シエラレオネ共和国からの移民である両親のもと5人兄弟の末っ子として生を受けたサンファは現在27歳。独学でピアノを習得する一方で、13歳から趣味でプロデュースを始めてグライムのビートを作るようになったというが、10代初めまで学校の聖歌隊やジャズ・バンドで歌っていたもののシンガーとして活動していこうとは思っていなかったようだ。実際、2010年に発表したデビューEP『Sundanza』も、ワイリーと同時にフライング・ロータスを好むという彼らしいセンスで仕上げたインスト主体のビート・ミュージック。「プロデュースが続けられればそれでよかった」(以下、発言はオフィシャル・インタヴューから抜粋・要約)と語る彼は、しかし、「SBTRKTやジェシー・ウェアとのコラボで自分の声をもっと使うようになっていったんだ」と、徐々に歌うことに積極的になっていく。
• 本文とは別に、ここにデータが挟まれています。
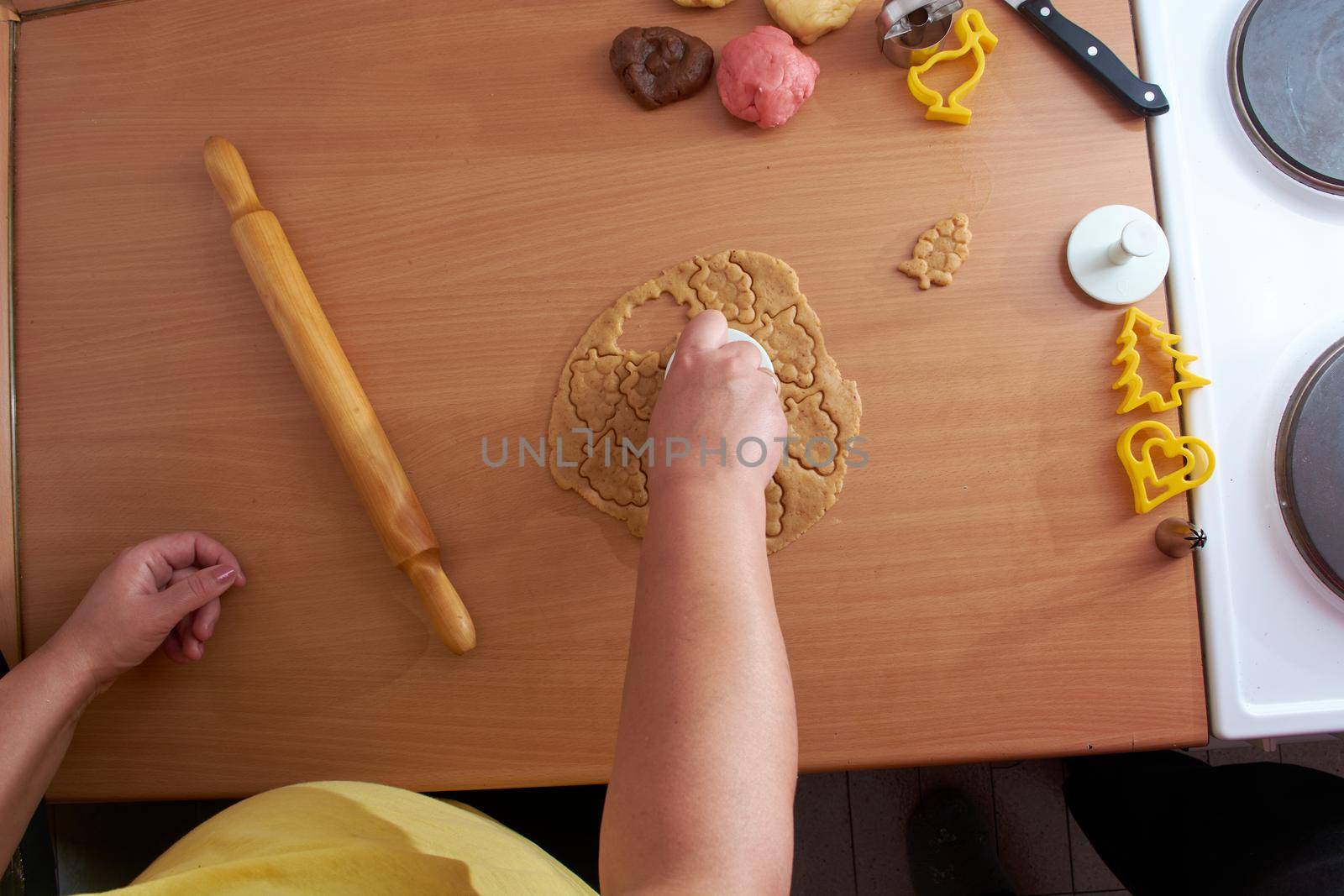 Cutting cookies from the dough and preparing for bake in the electrical stowe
他にもケイティB、リル・シルヴァらの作品に招かれ、コアレスとのショート・ストーリーズとしても楽曲を発表。自国のアーティストとのコラボを行うなかでシンガーとしての活動を増やしていくわけだが、スモーキーなのに透明感があり、どこか眠たげでありながらエッジの立った歌声は余技として片付けられないほど説得力があり、ヴォーカリストとして活躍するのも必然だったと言ってしまいたい。